La bêtise au front de taureau tancée par Baudelaire dans un poème fameux a de beaux jours devant elle. Dans un récent article du Monde diplomatique, un folliculaire trotskyste s’en prend à “l’empire Bolloré” (c’est tendance) et, dans un amalgame aussi confus qu’inconsistant, attaque dans la foulée Hachette, Albin Michel et Gallimard, fleurons d’un capitalisme éditorial réprouvé¹. La maison fondée par Gaston au début du siècle dernier est jugée coupable de diffuser « des idéologies d’extrême droite, en termes de fonds littéraire et philosophique, nazi et fasciste, pétainiste et antisémite ». Pas moins. En clair, cet écrivaillon reproche à la maison d’édition d’avoir à son catalogue Heidegger, Jünger, Drieu la Rochelle, Chardonne, Morand, Jouhandeau, Boutang (dont on rappelle qu’il fut “maréchaliste et royaliste”) et bien entendu Céline². Sait-il que le catalogue Gallimard comprend une foultitude d’écrivains qui chérirent avec ferveur Staline, Castro ou Mao ? Ces écrivains qui se sont également fourvoyés seraient-ils plus acceptables que les autres ? Pour ce Torquemada au petit pied, l’éditeur seul ne doit pas être condamné. Il entend aussi dénoncer ceux qu’il appelle les “passeurs”, tel Pierre Assouline, coupable d’écrire sur ces auteurs dans la presse et sur son blog.

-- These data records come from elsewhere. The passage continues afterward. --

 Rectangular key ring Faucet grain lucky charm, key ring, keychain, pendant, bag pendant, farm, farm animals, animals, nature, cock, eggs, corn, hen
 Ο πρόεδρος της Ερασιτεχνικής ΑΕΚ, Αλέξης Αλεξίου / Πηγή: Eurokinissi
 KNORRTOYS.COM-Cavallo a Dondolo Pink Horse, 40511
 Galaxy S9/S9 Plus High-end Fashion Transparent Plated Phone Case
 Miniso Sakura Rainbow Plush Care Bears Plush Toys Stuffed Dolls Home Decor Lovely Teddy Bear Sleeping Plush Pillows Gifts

Il lui reproche aussi son roman Sigmaringen, « où l’auteur cultive l’ambiguïté comme d’autres la clarté ». Entendez : la complexité au lieu du simplisme. Est déjà suspect à ses yeux le fait que ce roman mette en scène « Pétain, Laval, leurs ministres, des miliciens, des collabos français et, bien sûr, le bon docteur Louis-Ferdinand Destouches, alias Céline ». Tant de bêtise confond. S’il existe dans le petit monde littéraire parisien un critique faisant preuve de jugements nuancés sur les écrivains, de quelque bord qu’ils soient, il s’agit bien de Pierre Assouline qu’on ne peut en outre suspecter de complaisance envers les auteurs fascistes³. Son livre sur Lucien Combelle est un modèle d’équité. C’est aussi l’honneur d’Assouline d’avoir défendu Richard Millet face à la meute.

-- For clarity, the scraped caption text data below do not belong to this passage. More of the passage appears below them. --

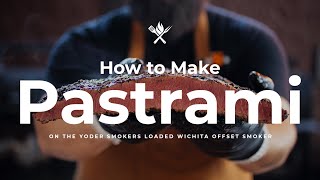 How to Make Pastrami  Cure amp Smoke [upl. by Adahsar]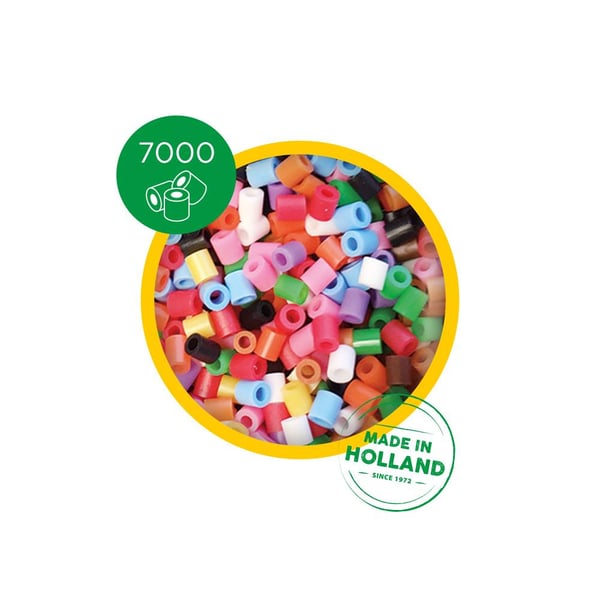 SES Creative Beedz Children's box of 7000 Mix Basic Iron-on Beads Sikringsperle
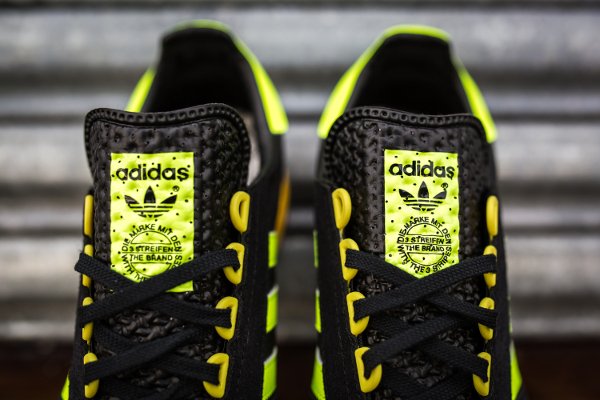 Adidas Originals Formel 1 OG Black Solar Yellow (2)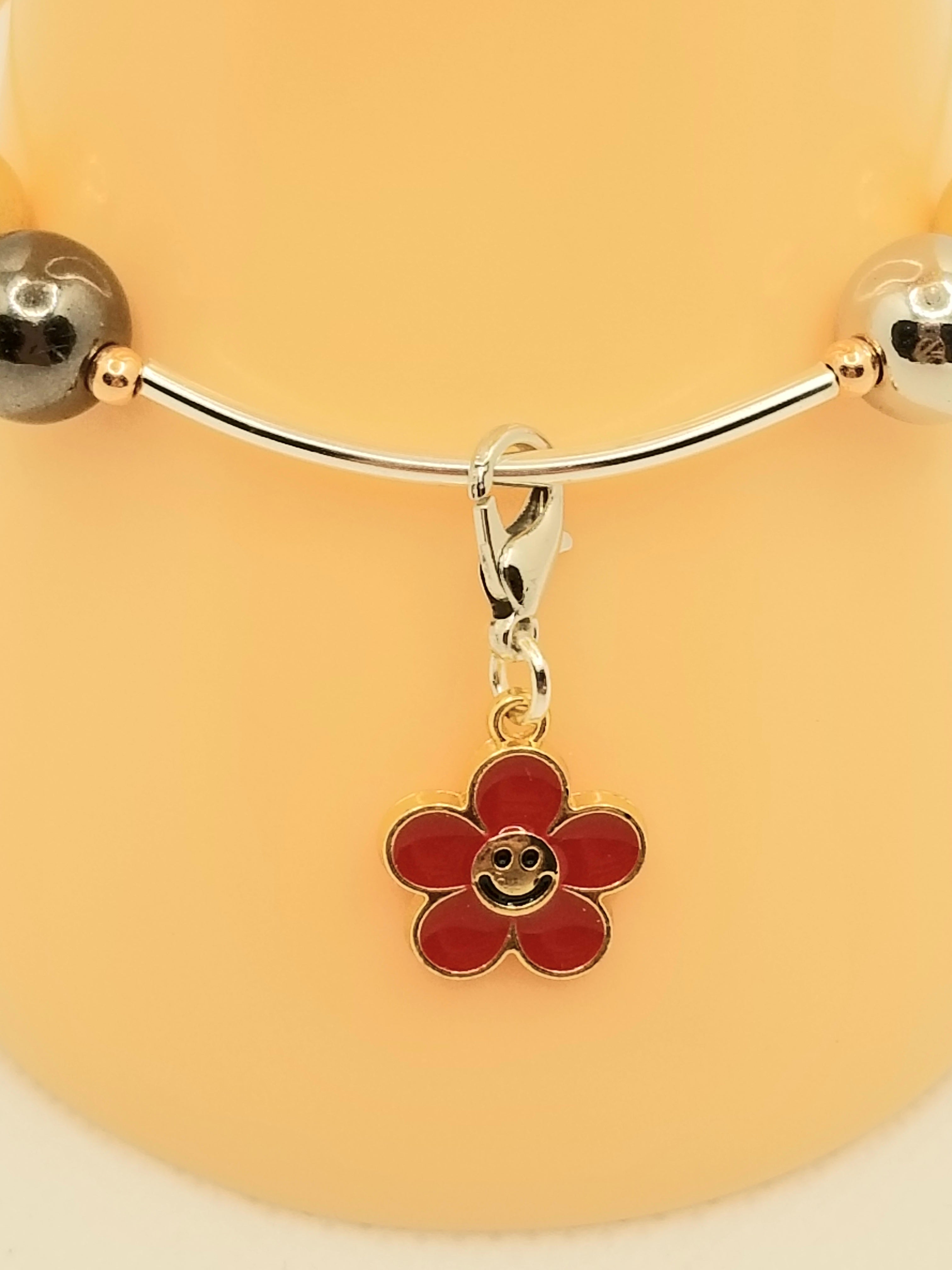 Variety of Metal Beads Bracelet (faith-based)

M. Thierry Discepolo – c’est le nom de cet accusateur public – se révèle un… disciple des grands incriminateurs du passé². Et on aura compris que si ce personnage était seul aux manettes ne seraient édités que les écrivains dans la ligne. Internet a la mémoire longue et permet de comprendre les raisons de sa hargne. Il y a une dizaine d’années, Assouline avait éreinté de belle façon son bouquin4 (« Avec Discepolo, on n’est même plus dans la morale à gros sabots mais dans la moraline telle que Nietzsche la tournait en dérision. ») En plus d’être sectaire et inculte5, M. Discepolo a la rancune tenace…

- (1) Thierry Discepolo, « Ce que “Bolloré” fait aux livres, aux éditeurs et aux auteurs », Le Monde diplomatique, 9 mai 2025. [https://www.monde-diplomatique.fr]
- (2) Bien entendu il reproche aux éditions Laffont d’avoir republié Les Décombres alors même que cette publication devrait le satisfaire puisqu’il s’agit d’une édition ô combien critique. Sur la couverture, le nom de Rebatet n’est même pas mentionné en tant qu’auteur, la seule indication “Dossier Rebatet” étant apparemment moins embarrassante.
- (3) Pierre Assouline, « Qu’est-ce qu’un écrivain collabo ? » in Revue des deux mondes, mai-juin 2025.
- (4) La Trahison des éditeurs, Éd. Agone, 2017.
- (5) Dans un droit de réponse à un autre article diffamatoire, Antoine Gallimard relevait à juste titre que « Écrit à charge, non pour servir la vérité mais pour discréditer une maison d’édition dont l’existence séculaire lui est insupportable (tel est son vrai sujet), M. Discepolo instruit son réquisitoire sur une manipulation malveillante et injurieuse des faits. » (Le Monde diplomatique, avril 2021).